(Saved data entries)
*** Block opens ***

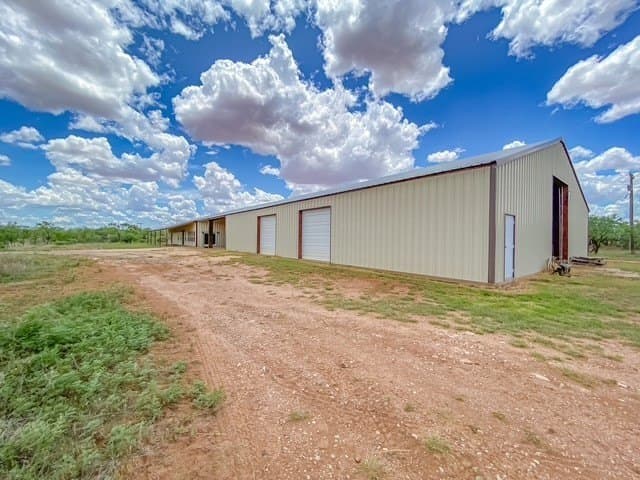 117.71 acres in Jones County - photo 4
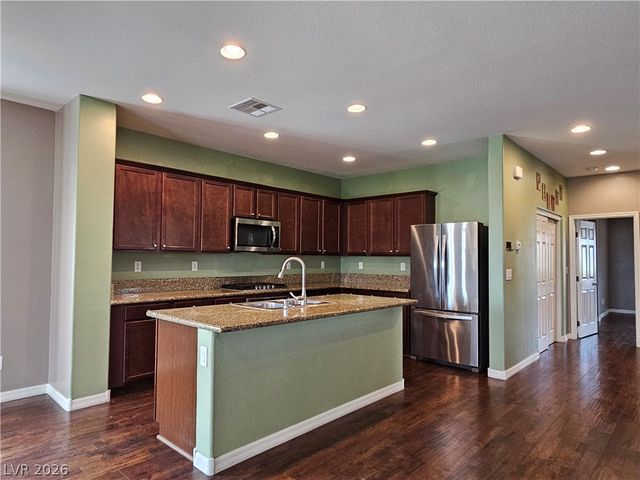 7141 Orion Bands Street, Las Vegas, NV 89131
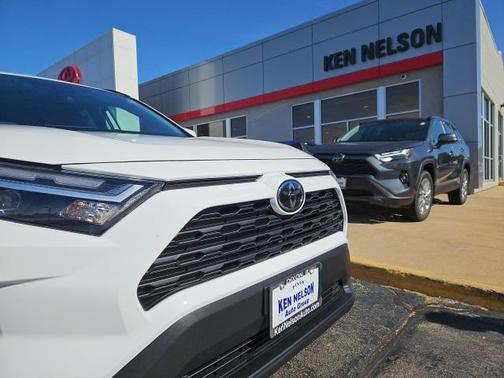 2025 Toyota RAV4 XLE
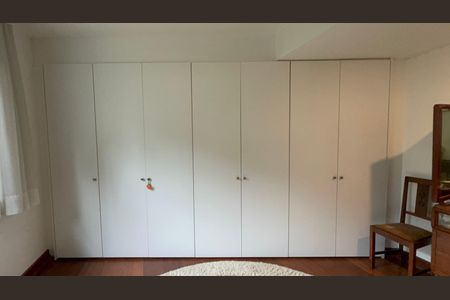 Casa à venda com 300m², 6 quartos e 3 vagas Casa à venda com 300m², 6 quartos e 3 vagasSuíte 1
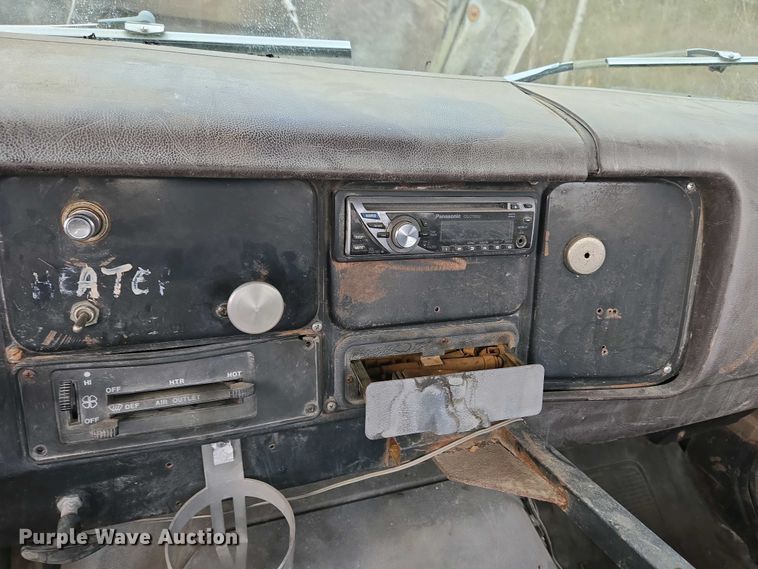 image for item EC4196 1986 International 1954 hook lift truck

*** Block closes ***

■ Task to complete:
Omit all pictures, and repeat exactly the lines from the line containing "Casa à venda com 300m², 6 quartos e 3 vagas Casa" through the end of the data.

■ Result for this task:
 Casa à venda com 300m², 6 quartos e 3 vagas Casa à venda com 300m², 6 quartos e 3 vagasSuíte 1
 image for item EC4196 1986 International 1954 hook lift truck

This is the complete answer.